Penentuan peak vitamin C pada kromatogram larutan standar ini dilakukan dengan
mengamati peak yang waktu retensinya relatif tetap atau sama pada setiap konsentrasi
larutan standar, serta memerhatikan luas area peaknya. Karena larutan standar adalah
larutan vitamin C maka kadar vitamin C di dalamnya adalah yang terbesar dibanding
komponen lain sebagai hasil penguraian vitamin C atau senyawa lainnya (pengotor).
Adanya penguraian ini ditunjukkan salah satunya dari adanya lebih dari satu peak pada
kromatogram.
Dari data kromatogram deret larutan standar, diperoleh waktu retensi untuk vitamin c
1.98; waktu retensi kafein 2.54; dan waktu retensi natrium benzoat 4.38.
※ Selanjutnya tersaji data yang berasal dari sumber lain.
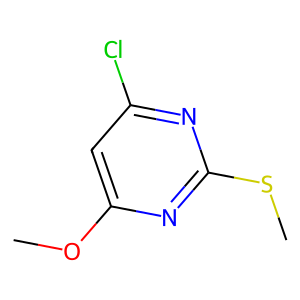 4-Chloro-6-methoxy-2-(methylthio)pyrimidine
Waktu retensi pada larutan standar menjadi acuan dalam menentukan komponen-
komponen yang terdapat dalam sampel. Pada kromatogram sampel terdapat empat puncak,
Komponen kesatu dalam sampel diduga bukan vitamin c, karena waktu retensi untuk
vitamin c dimulai dari 1.98, sebagaimana hasil dari kromatogram yang tertera. Sedangkan
pada komponen kedua, diidentifikasikan sebagai komponen vitamin c, karena waktu
retensinya mendekati waktu retensi vitamin c. Dan pada komponen ketiga waktu retensinya
mendekati waktu retensi natrium benzoat yang dimulai dari 4.38. sehingga diidentifikasikan
bahwa komponen ketiga sebagai komponen natrium benzoat. Komponen keempat pada
sampel diduga bukan natrium benzoat, karena selisih waktu retensinya sangat jauh dengan
waktu retensi natrium benzoat.
Berdasarkan hasil pengolahan data, kadar natrium benzoat dalam sampel adalah
115,757 mg, sedangkan kadar vitamin c adalah 3,53664 mg.
Kesimpulan
Berdasarkan hasil praktikum kali ini dilakukan penentuan kadar zat aditif dalam
sampel dengan menggunakan HPLC, pada larutan sampel yang digunakan yaitu Mizone
terdapat dua kadar zat aditif, yaitu kadar komponen vitamin c dan kadar komponen natrium
benzoat.
Kadar vitamin c yang terkandung dalam sampel yaitu sebesar 3,53664 mg dan kadar
natrium benzoat yang terkandung dalam sampel sebesar 115,757 mg.
DAFTAR PUSTAKA
http://toraerdo.blogspot.co.id/2010/06/hplc-high-performance-liquid.html
http://lansida.blogspot.co.id/2010/07/hplc-kromatografi-cair-kinerja-tinggi.html
http://chemsanboice-kimiaituasyk.blogspot.co.id/2012/06/hplc.html
http://tomychemyster.blogspot.co.id/2013/01/instrumen-kimia-hplc.html
Masfufatul, Hanik, Novi Nurlaeli, Vega Isma Zakiah. 2015. Penentuan Kadar Natrium
Benzoat, Vitamin C, dan Kafein Menggunakan Instrumen HPLC. Fakultas Pendidikan
Matematika dan Ilmu Pengetahuan Alam Universitas Pendidikan Indonesia. Bandung.
Yulianis, Adek Zamrud Adnan, Deddi Prima Putra. 2011. Penetapan Kadar Kumarin Dari
Kulit Manis (Cinnamomum burmanii Bl.) Dengan Metoda Kromatografi Gas.